In 2017–18 the department’s corporate governance agenda ensured a more agile, responsive and accountable organisation better able to deliver the Australian Government’s international policy priorities.

Portfolio and whole-of-government coordination

Whole-of-government engagement is vital to the successful implementation of the White Paper. The department’s executive has ensured the White Paper is the main frame of reference for the government’s international engagement. Immediately after the White Paper launch, the Secretary led a forum attended by more than 500 people from across the APS to discuss the White Paper policy framework. The Secretary and members of the executive meet regularly with their portfolio and other government agency counterparts to support cohesive responses to current and emerging policy matters. The department chairs the high-level inter-agency White Paper Board, responsible for overseeing White Paper implementation and reporting regularly to ministers on progress.

Senior management committees and their roles

The department’s key corporate governance committees are:

The Departmental Executive—comprising the Secretary, Deputy Secretaries and other senior officers—is the department’s primary governance body. It meets regularly to make decisions about strategic policy and resource allocation in the department, sets priorities, promotes an ethical leadership and organisational culture and monitors the performance of overseas posts, departmental divisions and state/territory offices.

The Audit and Risk Committee provides independent assurance and advice to the Secretary on risk management and fraud control, internal control and compliance frameworks and external accountability responsibilities. It has three departmental members and four independent external members. Other designated departmental officers and representatives from the Australian National Audit Office attend as observers. In 2018 the department appointed its first independent chair.

The Ethics Committee oversees and makes recommendations on the department’s conduct and ethics policies and promotes high standards of probity, professionalism, accountability and conduct.

The Workplace Relations Committee, with its elected staff, union and management representatives, is our principal forum for consulting staff about conditions, and exchanging views on the workforce.

The Indigenous Taskforce shapes the department’s strategic policy on Indigenous matters and provides a forum for the Indigenous Employees Network to influence policy priorities. It monitored the implementation of the Indigenous Recruitment and Career Development Strategy and Indigenous Peoples Strategy.

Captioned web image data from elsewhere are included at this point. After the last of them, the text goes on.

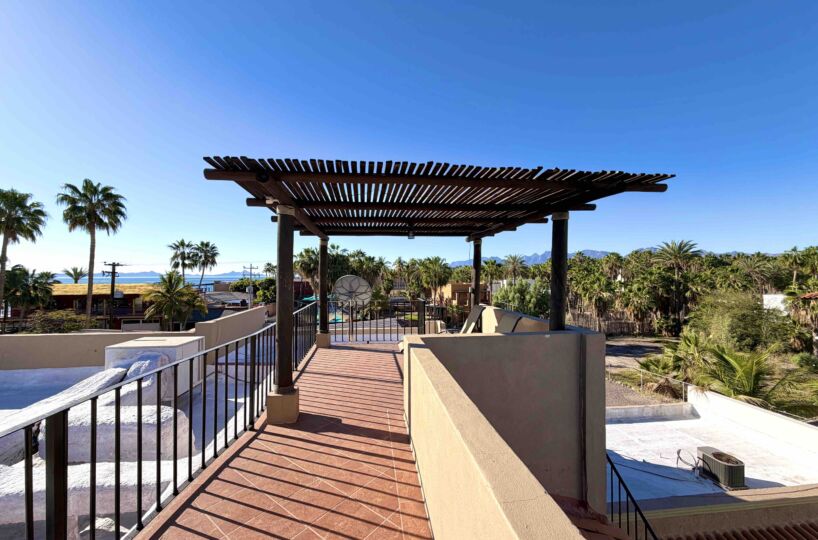 Historic Loreto Home on Rosenda Robles 4BR 5BA Mision Loreto Properties. Call Today! Mexican Cell 044 613 116 6827 ~ USA cell 530-786-4395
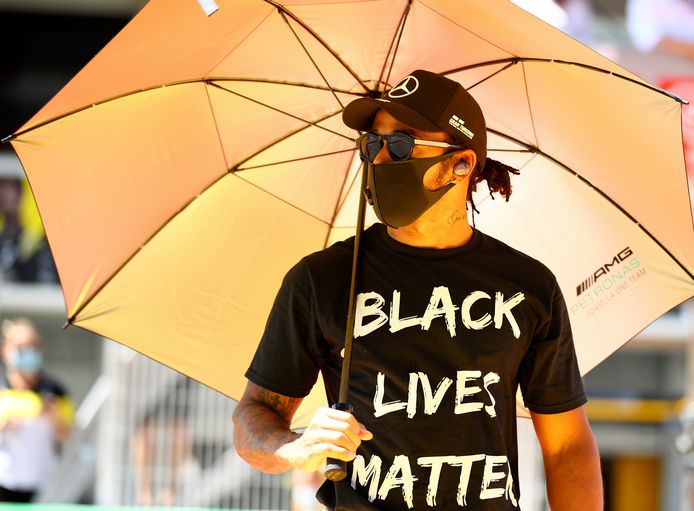 Lewis Hamilton met een shirt van Black Lives Matter.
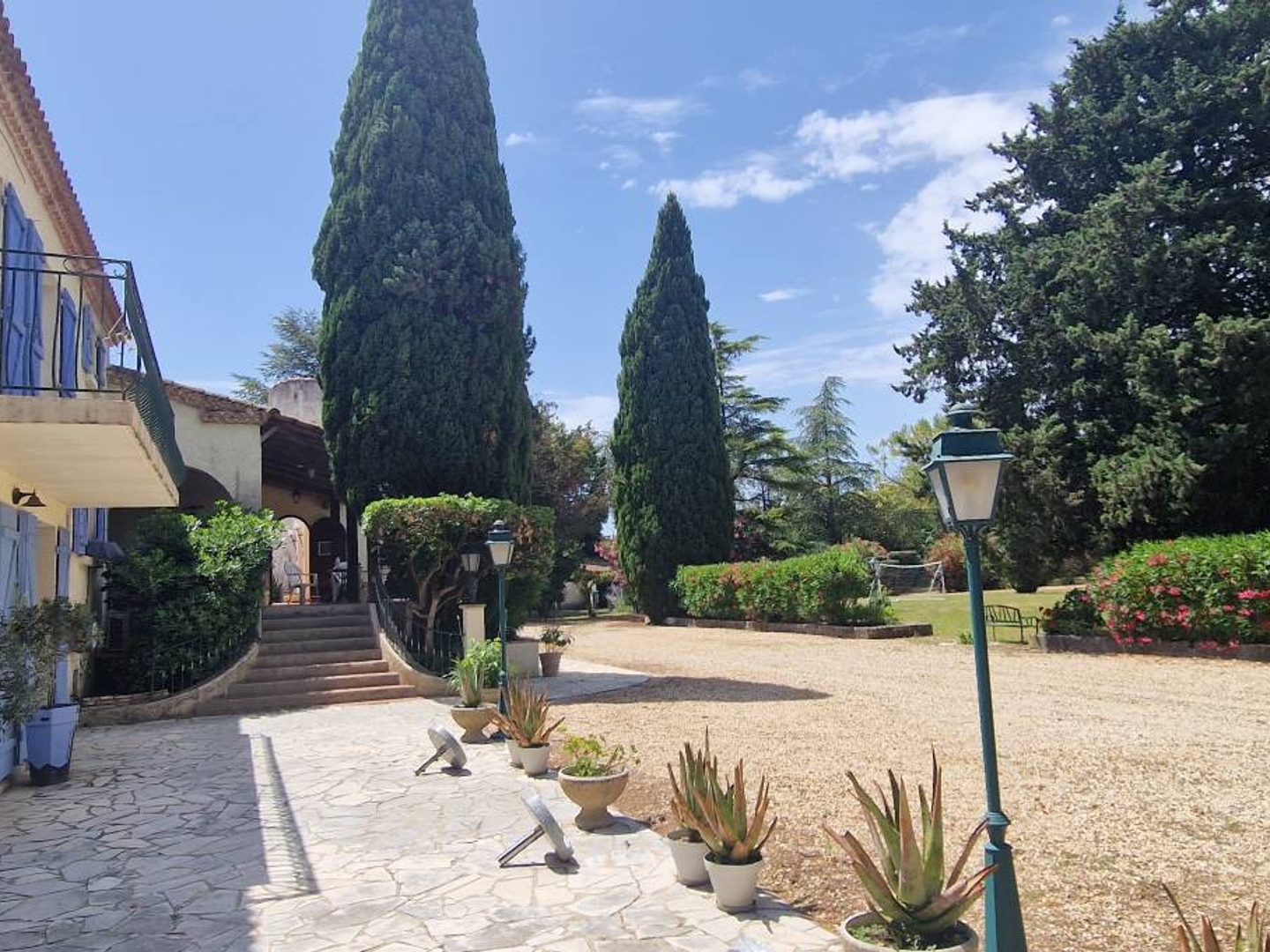 Maison à vendre - 570m2 - Montpellier (34000)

The Aid Governance Board was established in December, replacing the Aid Investment Committee and the Development Policy Committee. It provides policy advice and risk and performance oversight, supporting the Secretary, the Departmental Executive and PGPA delegates on country, regional or multilateral aid program decisions. The Board also assesses high risk and high value investments for alignment with bilateral, regional and multilateral priorities, development impact and value for money.

The ICT Steering Committee, in consultation with business areas, sets the strategic direction for ICT services across the department and evaluates progress against the strategy.

The Departmental Security Committee considers key security risks and mitigations and makes decisions regarding residual risks across the network.

Internal audit

The department’s Internal Audit Branch, under the direction of the Chief Auditor, focused on improving the quality, accountability, efficiency and effectiveness of the functions and processes used to develop and implement foreign, trade and investment, and development policy.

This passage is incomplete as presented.